Money Saving Tip: Use ETL Tool for Data Quality


Attention, bargain shoppers and frugal companies. If you'd like to have a data quality tool, but just can't spare the funds for a full solution, then I've found a deal for you.


You can use your ETL (extract, transform and load) tool for detecting data problems, cleansing the data and even maintaining data quality.


Granted, some of you may already know about this cost-saving data tip-although, according to Data Quality Pro, a surprising number of organizations do not realize the humble ETL's potential as data quality tool.


Now, for some of you, ETL may not be good enough-more on that later-or perhaps you've already invested in a full data quality solution.
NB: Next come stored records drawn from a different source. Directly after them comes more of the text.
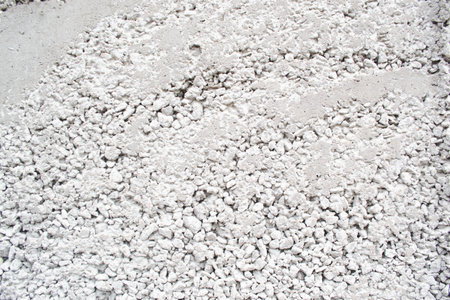 white pebbles on the floor as a background, texture.
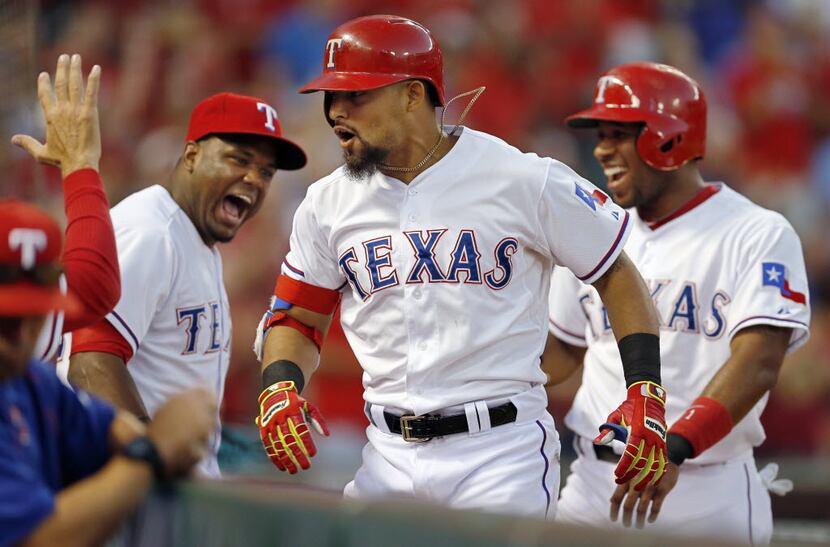 Texas Rangers second baseman Rougned Odor celebrates his two-run homer during a big first...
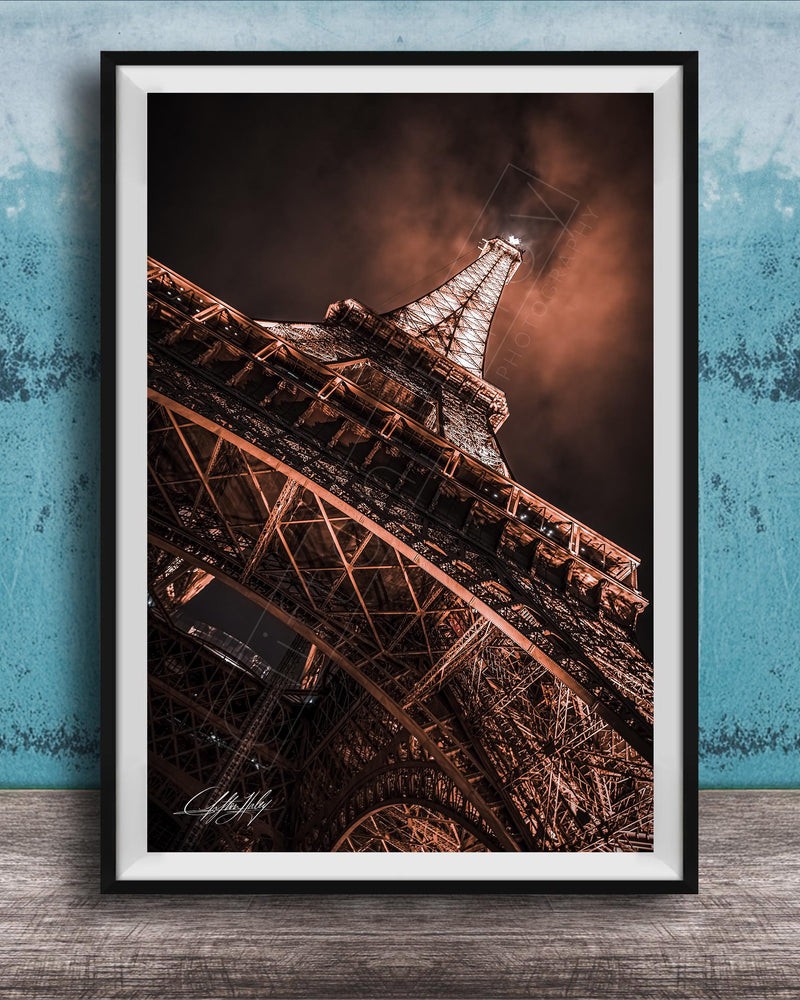a close-up view of the Eiffel Tower, showcasing its intricate metal lattice structure and the surrounding night sky.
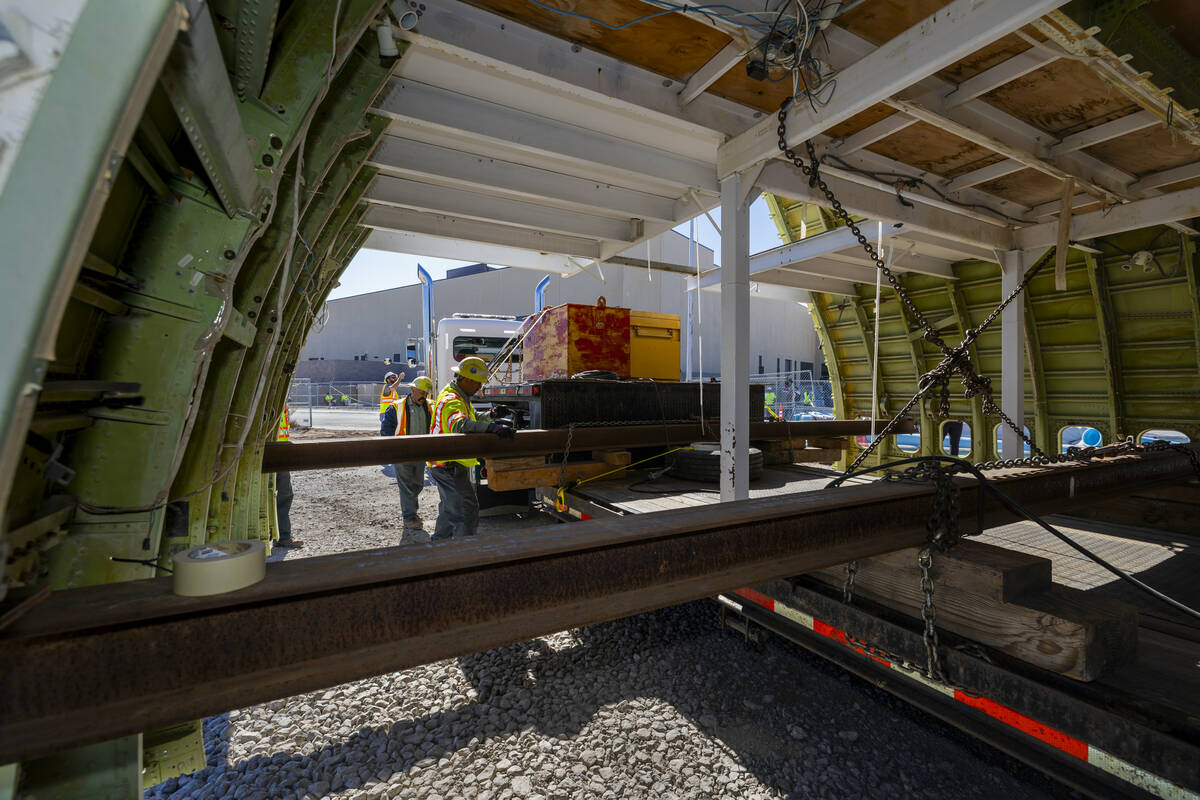 A decommissioned 747 fuselage section is unstrapped while placed amongst other parts after bein ...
That's how it is with frugal advice. Sometimes it works for you, sometimes it doesn't. For instance, I will happily hang a few shirts out to dry on a sunny day, but I'm not going to make my own baby wipes.


The Data Quality Pro piece warns it isn't a replacement for a high-end data quality solution, but if you want better data, but can't afford a full-blown investment, an ETL can be an excellent starting point for three reason:

  1. You already have one-or more-on hand. So, you won't have to buy anything new.
  2. An ETL can address nearly 70 percent of data quality requirements, according to Data Quality Pro, which used Arkady Maydanchik's "Data Quality Assessment" framework as a gauge. That remaining 30 percent? Only 7 percent of it is completely non-complaint. It's not perfect, but it's better than 100 percent unsure, right?
  3. You can use the ETL data quality approach to tackle low-hanging fruit problems, and then turn any cost savings into a down payment for a full-blown tool-or, at least, that's what the Data Quality Pro piece recommends. I say it's your money, do what you want with it.


The piece offers three steps for an ETL data quality project, but to be honest, it's more tips for succeeding with this approach -- understand underlying data quality principles, pick the low-hanging fruit, yadayada. There's not a lot of detail here on how to actually make it work. That said, some of the comments offer helpful advice.


However, if you'd like more specifics, check out this excellent IT toolbox wiki on ETL data quality, with Vincent McBurney, a Deloitte manager, as the major editor. It offers more detail on how ETL can work for detecting problems, cleansing the data and then auditing for quality control.


And if you want to get really specific, you can check out this short article-complete with diagram - about how to perform basic data cleansing using an ETL tool.